[Opening Data records section]
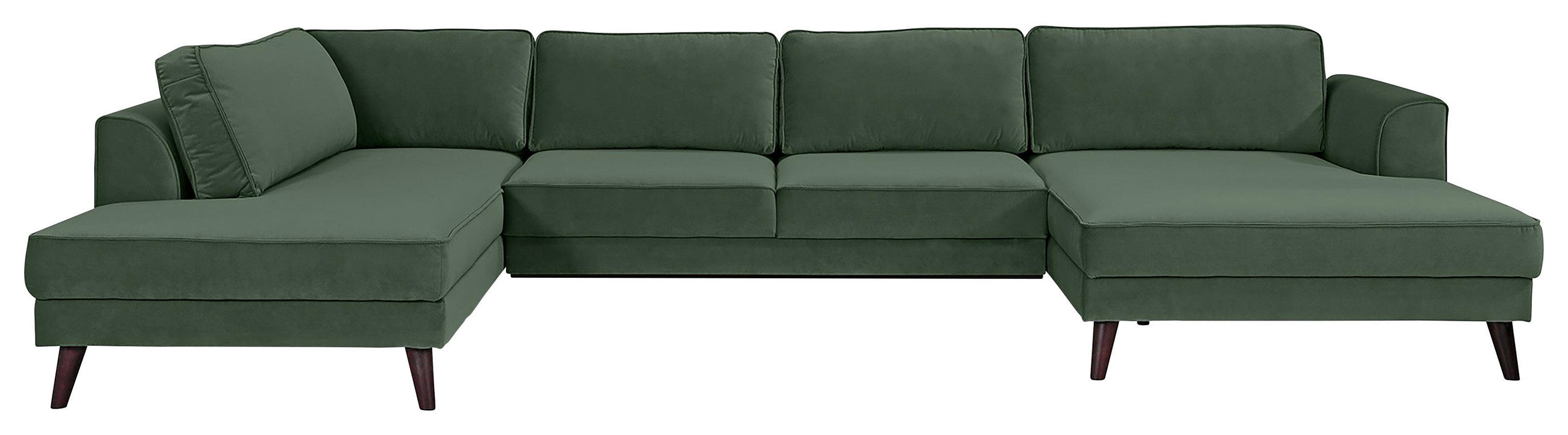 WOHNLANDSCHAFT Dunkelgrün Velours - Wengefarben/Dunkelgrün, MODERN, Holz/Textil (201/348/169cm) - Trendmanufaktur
[Closing Data records section]
[Opening Data records section]
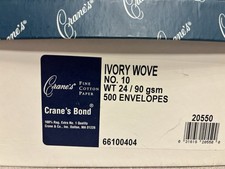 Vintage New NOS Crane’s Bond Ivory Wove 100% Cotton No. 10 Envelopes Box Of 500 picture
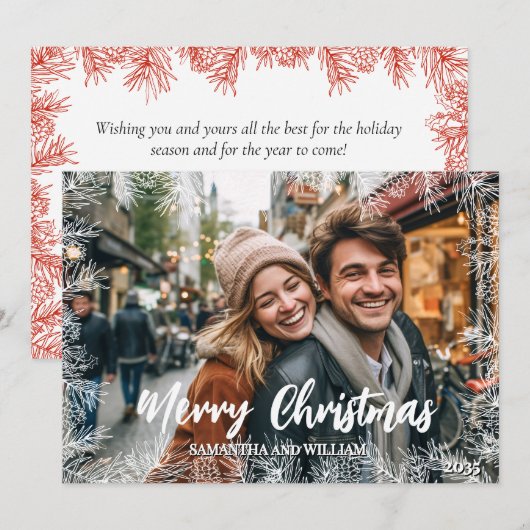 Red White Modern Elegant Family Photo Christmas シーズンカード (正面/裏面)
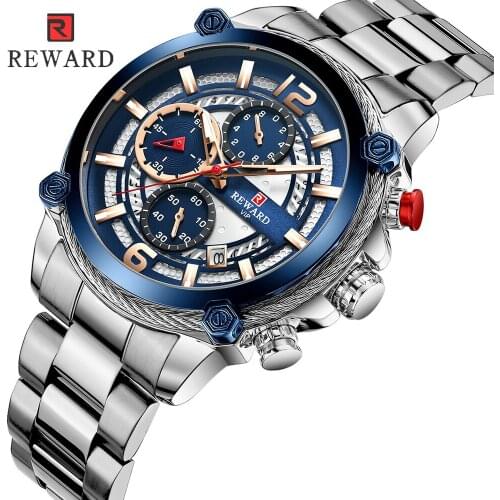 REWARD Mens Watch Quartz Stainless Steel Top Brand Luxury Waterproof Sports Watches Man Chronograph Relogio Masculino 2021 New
[Closing Data records section]
[Opening Data records section]
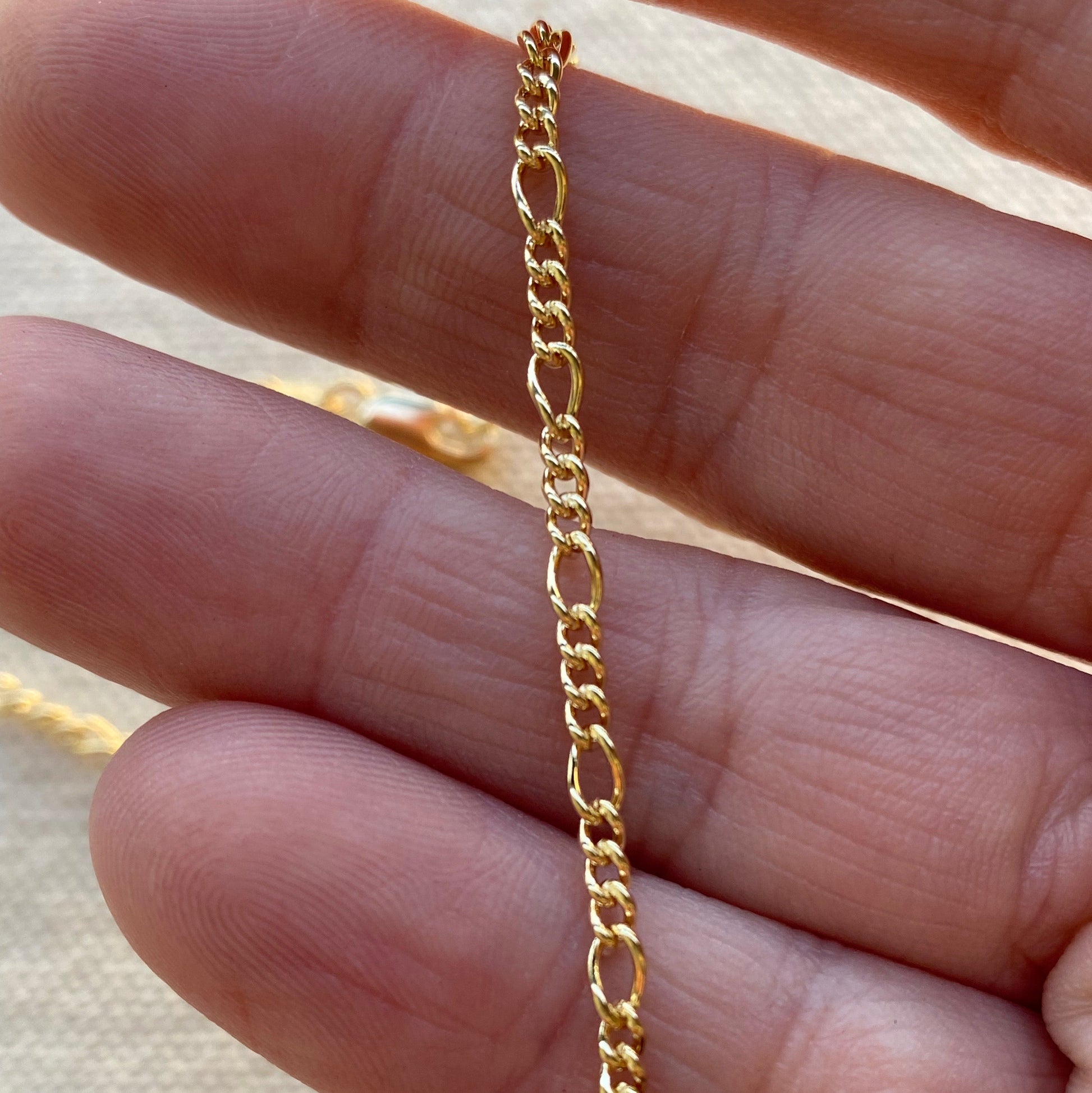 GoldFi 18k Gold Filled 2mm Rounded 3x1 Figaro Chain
[Closing Data records section]
_Required action_
Within the listing above, the lines starting at the one containing "Red White Modern" and ending at the one containing "REWARD Mens Watch" are to be returned exactly. Omit the pictures.

_Result_
 Red White Modern Elegant Family Photo Christmas シーズンカード (正面/裏面)
 REWARD Mens Watch Quartz Stainless Steel Top Brand Luxury Waterproof Sports Watches Man Chronograph Relogio Masculino 2021 New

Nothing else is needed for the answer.